RAID can be implemented either by dedicated hardware (RAID modules integrated into SCSI or SATA controller cards) or by software abstraction (the kernel). Whether hardware or software, a RAID system with enough redundancy can transparently stay operational when a disk fails; the upper layers of the stack (applications) can even keep accessing the data in spite of the failure. Of course, this “degraded mode” can have an impact on performance, and redundancy is reduced, so a further disk failure can lead to data loss. In practice, therefore, one will strive to only stay in this degraded mode for as long as it takes to replace the failed disk. Once the new disk is in place, the RAID system can reconstruct the required data so as to return to a safe mode. The applications won't notice anything, apart from potentially reduced access speed, while the array is in degraded mode or during the reconstruction phase.
When RAID is implemented by hardware, its configuration generally happens within the BIOS setup tool, and the kernel will consider a RAID array as a single disk, which will work as a standard physical disk, although the device name may be different.
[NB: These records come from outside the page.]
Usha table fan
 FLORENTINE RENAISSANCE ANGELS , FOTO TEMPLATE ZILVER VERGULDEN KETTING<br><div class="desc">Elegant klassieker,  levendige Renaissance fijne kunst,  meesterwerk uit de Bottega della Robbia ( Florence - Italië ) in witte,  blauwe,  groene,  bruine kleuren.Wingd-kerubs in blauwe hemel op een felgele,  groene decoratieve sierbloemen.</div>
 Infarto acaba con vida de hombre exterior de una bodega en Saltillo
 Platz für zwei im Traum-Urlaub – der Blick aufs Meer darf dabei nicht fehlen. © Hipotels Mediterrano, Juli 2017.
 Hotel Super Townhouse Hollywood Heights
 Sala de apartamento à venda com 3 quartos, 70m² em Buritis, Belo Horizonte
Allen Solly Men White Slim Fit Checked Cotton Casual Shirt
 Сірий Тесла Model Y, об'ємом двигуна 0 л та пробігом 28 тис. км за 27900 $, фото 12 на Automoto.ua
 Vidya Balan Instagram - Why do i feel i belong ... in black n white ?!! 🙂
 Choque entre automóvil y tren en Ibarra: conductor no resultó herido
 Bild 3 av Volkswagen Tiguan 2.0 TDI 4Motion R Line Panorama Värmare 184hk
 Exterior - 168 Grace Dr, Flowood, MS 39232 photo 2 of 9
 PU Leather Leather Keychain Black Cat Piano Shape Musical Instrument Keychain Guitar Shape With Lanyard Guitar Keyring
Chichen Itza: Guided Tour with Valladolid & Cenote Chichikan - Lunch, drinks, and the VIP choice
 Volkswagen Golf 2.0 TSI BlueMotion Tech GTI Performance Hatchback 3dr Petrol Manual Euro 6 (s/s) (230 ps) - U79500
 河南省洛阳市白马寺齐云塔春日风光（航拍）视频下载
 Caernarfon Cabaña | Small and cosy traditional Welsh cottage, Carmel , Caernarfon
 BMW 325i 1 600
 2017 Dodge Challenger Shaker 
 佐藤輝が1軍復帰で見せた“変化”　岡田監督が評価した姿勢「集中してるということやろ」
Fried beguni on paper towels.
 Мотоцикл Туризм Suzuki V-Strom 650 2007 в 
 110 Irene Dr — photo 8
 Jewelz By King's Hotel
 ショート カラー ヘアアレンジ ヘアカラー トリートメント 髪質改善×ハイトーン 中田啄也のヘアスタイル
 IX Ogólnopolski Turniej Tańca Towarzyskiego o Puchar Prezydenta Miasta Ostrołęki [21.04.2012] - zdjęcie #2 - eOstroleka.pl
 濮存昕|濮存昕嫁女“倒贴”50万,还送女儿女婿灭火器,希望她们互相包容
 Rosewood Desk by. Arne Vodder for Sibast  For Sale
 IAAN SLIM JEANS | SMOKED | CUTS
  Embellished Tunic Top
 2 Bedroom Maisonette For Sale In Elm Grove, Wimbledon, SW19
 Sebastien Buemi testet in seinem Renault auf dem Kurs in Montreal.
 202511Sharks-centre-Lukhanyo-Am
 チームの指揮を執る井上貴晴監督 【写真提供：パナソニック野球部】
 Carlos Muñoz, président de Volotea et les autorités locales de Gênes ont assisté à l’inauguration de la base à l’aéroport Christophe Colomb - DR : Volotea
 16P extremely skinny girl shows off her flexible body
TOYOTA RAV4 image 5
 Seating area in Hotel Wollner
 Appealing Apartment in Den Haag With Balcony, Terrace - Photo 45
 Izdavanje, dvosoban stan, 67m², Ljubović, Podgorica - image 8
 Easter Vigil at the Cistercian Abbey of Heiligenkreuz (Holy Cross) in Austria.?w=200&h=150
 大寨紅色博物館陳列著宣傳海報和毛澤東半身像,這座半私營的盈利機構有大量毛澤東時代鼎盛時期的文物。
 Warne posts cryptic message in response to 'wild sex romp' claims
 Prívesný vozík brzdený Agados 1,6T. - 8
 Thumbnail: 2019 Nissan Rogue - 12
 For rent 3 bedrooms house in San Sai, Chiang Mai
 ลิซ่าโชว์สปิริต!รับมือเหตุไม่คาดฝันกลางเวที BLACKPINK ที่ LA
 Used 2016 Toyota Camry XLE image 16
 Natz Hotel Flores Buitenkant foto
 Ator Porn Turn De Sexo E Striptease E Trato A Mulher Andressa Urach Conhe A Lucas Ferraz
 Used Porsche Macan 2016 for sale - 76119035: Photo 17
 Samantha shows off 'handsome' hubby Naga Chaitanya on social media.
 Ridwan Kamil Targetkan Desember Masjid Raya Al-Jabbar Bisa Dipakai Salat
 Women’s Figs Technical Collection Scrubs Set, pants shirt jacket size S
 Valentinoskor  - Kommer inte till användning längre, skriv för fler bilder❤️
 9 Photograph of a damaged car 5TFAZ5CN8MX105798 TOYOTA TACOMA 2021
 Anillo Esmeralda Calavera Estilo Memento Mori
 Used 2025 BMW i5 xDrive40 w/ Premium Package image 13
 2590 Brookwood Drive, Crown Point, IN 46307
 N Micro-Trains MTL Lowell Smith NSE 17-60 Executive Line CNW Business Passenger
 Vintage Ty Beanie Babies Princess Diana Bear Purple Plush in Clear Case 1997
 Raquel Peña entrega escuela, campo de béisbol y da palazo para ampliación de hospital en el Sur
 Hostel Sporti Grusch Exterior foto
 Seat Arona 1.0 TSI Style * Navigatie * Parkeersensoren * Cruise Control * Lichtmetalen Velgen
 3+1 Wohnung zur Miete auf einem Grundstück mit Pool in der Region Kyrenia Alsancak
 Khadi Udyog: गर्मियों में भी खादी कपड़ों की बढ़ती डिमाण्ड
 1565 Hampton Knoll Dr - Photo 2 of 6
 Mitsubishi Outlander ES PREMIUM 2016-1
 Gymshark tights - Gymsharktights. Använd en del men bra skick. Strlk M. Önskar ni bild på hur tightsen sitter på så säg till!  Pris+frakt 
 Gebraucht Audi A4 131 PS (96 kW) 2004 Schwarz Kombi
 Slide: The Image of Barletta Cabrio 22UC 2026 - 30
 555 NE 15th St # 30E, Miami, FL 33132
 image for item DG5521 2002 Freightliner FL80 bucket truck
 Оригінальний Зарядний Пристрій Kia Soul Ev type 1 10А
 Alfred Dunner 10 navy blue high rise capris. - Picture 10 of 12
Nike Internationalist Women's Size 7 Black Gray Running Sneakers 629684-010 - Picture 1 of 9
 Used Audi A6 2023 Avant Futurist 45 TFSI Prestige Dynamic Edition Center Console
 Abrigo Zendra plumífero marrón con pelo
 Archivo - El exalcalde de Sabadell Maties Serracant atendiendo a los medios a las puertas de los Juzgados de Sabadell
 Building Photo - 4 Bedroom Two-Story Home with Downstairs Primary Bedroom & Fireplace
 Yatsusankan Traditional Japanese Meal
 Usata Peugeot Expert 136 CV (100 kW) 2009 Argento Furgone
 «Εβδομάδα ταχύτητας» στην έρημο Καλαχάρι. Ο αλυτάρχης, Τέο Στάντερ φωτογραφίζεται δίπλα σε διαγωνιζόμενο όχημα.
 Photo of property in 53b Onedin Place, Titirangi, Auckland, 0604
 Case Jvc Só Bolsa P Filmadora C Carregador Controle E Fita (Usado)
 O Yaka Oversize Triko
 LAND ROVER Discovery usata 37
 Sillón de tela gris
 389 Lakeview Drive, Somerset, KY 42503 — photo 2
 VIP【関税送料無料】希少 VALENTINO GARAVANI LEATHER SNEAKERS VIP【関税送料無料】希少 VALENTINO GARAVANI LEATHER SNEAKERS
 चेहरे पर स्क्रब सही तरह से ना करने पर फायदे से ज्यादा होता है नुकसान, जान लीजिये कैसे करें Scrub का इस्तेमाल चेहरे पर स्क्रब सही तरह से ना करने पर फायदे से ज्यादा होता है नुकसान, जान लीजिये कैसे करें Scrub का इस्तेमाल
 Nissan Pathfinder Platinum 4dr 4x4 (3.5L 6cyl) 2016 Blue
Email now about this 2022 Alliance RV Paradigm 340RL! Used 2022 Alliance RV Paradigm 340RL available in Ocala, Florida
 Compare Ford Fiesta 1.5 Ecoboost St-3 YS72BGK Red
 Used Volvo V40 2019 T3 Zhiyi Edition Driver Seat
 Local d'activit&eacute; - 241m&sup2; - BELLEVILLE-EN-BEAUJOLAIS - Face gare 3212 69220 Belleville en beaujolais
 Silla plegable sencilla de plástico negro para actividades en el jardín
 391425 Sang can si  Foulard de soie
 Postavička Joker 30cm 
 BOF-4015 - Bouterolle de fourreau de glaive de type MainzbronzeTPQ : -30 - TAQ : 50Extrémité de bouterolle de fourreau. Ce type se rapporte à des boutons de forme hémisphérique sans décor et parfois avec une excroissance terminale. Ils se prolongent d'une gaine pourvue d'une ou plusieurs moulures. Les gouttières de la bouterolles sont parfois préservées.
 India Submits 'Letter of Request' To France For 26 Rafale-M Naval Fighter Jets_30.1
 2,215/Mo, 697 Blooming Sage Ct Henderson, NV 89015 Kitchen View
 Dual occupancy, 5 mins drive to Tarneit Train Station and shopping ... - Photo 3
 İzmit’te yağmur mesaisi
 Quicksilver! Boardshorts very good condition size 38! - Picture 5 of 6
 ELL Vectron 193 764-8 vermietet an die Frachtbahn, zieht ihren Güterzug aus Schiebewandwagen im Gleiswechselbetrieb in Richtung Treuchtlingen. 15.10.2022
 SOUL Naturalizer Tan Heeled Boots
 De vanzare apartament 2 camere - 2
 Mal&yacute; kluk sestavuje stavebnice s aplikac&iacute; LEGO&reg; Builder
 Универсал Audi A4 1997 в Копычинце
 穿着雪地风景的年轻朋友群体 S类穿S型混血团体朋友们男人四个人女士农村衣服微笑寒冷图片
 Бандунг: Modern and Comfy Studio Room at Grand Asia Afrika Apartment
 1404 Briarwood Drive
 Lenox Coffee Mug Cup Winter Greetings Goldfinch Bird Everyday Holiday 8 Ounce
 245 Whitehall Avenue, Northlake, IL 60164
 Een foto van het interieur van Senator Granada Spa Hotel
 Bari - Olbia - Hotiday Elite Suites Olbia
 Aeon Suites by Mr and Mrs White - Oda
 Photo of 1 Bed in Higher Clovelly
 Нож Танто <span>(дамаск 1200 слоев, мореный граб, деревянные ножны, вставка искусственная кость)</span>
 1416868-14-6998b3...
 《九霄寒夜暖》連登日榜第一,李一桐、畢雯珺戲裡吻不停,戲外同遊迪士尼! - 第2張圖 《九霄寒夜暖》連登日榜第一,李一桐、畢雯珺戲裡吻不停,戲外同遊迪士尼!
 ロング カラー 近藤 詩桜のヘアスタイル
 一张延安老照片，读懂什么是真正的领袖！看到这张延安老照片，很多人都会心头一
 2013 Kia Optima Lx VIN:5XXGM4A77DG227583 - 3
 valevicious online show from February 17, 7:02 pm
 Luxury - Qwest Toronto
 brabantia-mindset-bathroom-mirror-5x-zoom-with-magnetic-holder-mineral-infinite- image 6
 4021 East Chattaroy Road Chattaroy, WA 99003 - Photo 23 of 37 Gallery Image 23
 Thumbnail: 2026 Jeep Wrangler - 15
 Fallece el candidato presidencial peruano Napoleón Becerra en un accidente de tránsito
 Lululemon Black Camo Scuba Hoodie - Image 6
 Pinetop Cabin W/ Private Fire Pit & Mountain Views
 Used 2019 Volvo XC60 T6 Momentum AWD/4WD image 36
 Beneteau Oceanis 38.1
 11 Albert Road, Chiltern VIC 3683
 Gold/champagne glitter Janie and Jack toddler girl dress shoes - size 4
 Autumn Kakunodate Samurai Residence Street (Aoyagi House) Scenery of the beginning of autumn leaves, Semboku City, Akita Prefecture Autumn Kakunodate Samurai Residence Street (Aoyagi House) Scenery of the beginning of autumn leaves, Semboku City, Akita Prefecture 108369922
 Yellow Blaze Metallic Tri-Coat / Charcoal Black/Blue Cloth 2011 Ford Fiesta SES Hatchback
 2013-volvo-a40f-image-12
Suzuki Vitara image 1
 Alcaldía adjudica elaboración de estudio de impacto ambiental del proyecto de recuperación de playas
For instance, the kernel in Squeeze made some hardware RAID arrays available as /dev/cciss/c0d0
; the kernel in Wheezy changed this name to the more natural /dev/sda
, but other RAID controllers may still behave differently.
12.1.1.2. Setting up RAID
Setting up RAID volumes requires the
mdadm
package; it provides the
mdadm
command, which allows creating and manipulating RAID arrays, as well as scripts and tools integrating it to the rest of the system, including the monitoring system.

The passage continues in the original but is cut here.